In the second step, when the fitting model is established and the counterforce of the top surface of the road surface on the bottom surface of the excitation source generating impact is recorded, the pretreatment delay of the acquisition system, namely the duration tau of the refractory period is considered, and then the fitting model is as follows:

in the second step, the expression of the unit jump function H (-) is as follows:

in the third step, according to the difference of the road surface structure materials, the Poisson ratio mu is as follows: the mu value of the cement concrete pavement is 0.15-0.25; mu of the asphalt concrete pavement is 0.25-0.35; the mu value of the soil subgrade is 0.235 to 0.4.

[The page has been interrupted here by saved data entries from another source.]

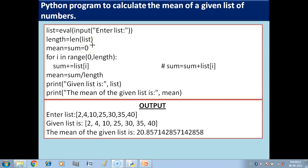Hello children, in this video we are going to do a Python program to calculate the mean of a given list of numbers. In this program we will get a mean from list elements. What is mean? Mean is the sum of the list elements divided by the number of the list elements.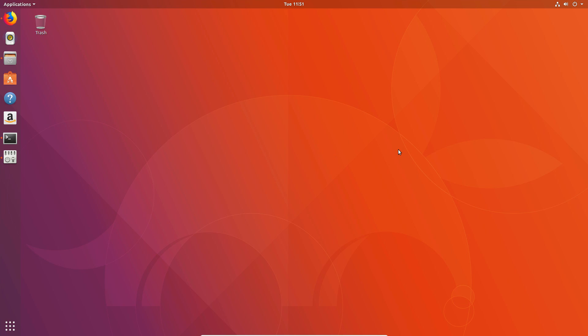Let's move on to a more advanced way of reinstalling or resetting Ubuntu. I'm saying reinstall, but please understand that it is reinstalling but it also isn't.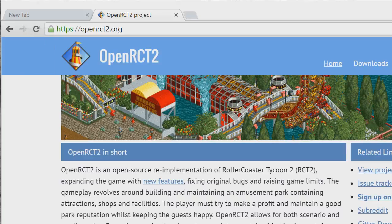Hello everyone, Mike Money Gamer here, and welcome to a web page. This right here is Open RCT2, also known as Open Roller Coaster Tycoon 2 Source. You're probably hearing music in the background — that is actually the game, Roller Coaster Tycoon 2.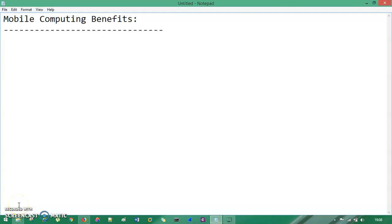What's up guys, this is Technocube and you are watching Mobile Computing Fundamental. In the previous session you had seen mobile computing definition, its advantages and disadvantages. In this session you're going to understand mobile computing benefits. There are almost five to six benefits that I'm going to enlist here.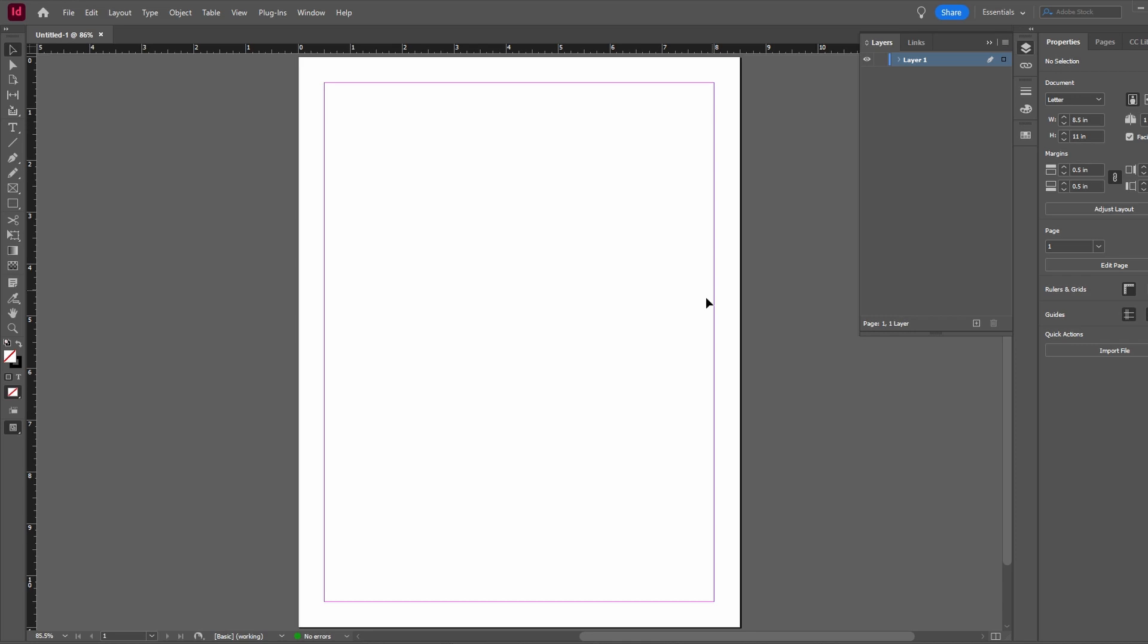Hey guys, in today's video I will show you how to print double-sided in Adobe InDesign. Launch Adobe InDesign to access the document you want to print double-sided.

Compared with the existing roadbed and pavement modulus testing method, the method has the technical effects that the comprehensive dynamic modulus of the roadbed and pavement structure can be obtained only according to the reaction force characteristics of the road surface to the excitation source, and the comprehensive dynamic modulus of the roadbed and pavement structure does not need to be obtained by simultaneously obtaining the reaction force and the displacement or deformation characteristics of the road surface like the existing method, so that the method is simpler and more efficient compared with the existing method.

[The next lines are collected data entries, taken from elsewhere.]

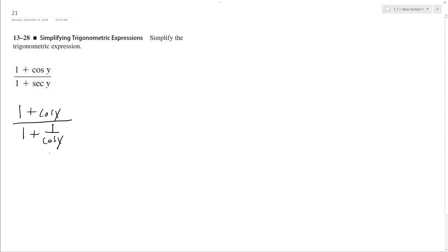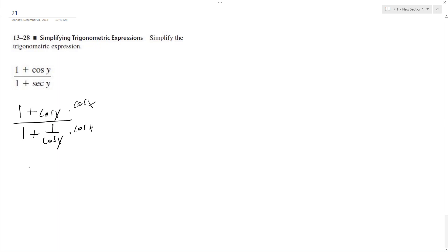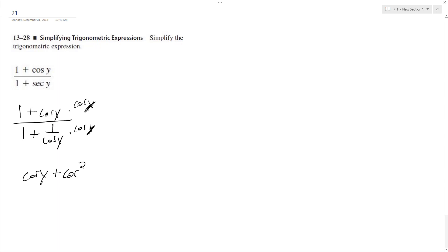Our best bet here is we can multiply through. Alright, so multiply through by cosine y. So we end up with cosine y plus cosine squared y, or sorry, y. I was looking at something else. Plus 1.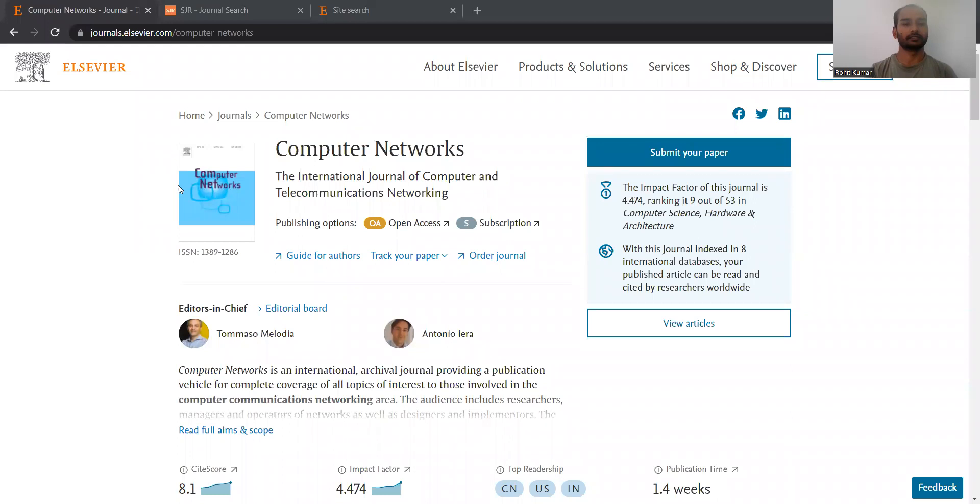Hey there, my name is Rohit Kumar and today I am back with a new journal review. I am going to discuss in detail about the different aspects of computer networks. So let's start, and I hope the homepage of Computer Networks is visible to you.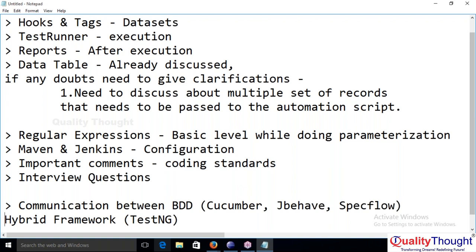JUnit and NUnit are developer-related frameworks because development teams concentrate only on whether the program executed successfully, not on how execution happens. In TestNG, execution control is available — for a 2000-line script you can control step by step, first statement, second statement, third statement. With JUnit or NUnit, the execution may be in random order and we cannot be sure about that.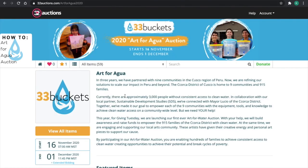We hope that you enjoy our auction, and know that all of the proceeds for this auction will go directly towards creating lifelong access to clean water for the 915 families living within the Corka district of Peru.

The invention will be further explained with reference to the drawings.

Drawings

FIG. 1 is the reaction force characteristic of the measured rigid impact load acting on the road surface

FIG. 2 is a half sine wave nonlinear fitting method for FWD impact load counter force according to the present invention

Fig. 3 is a time course of the reaction force on the top surface of the cement road surface obtained in the embodiment 1 of the present invention.

FIG. 4 shows the comparative test results of the cement pavement obtained in comparative example 1 of the present invention.

Fig. 5 is a time course of the reaction force of the top surface of the asphalt road surface obtained in example 2 of the present invention.

FIG. 6 is a comparative test result of the asphalt pavement obtained in comparative example 2 of the present invention.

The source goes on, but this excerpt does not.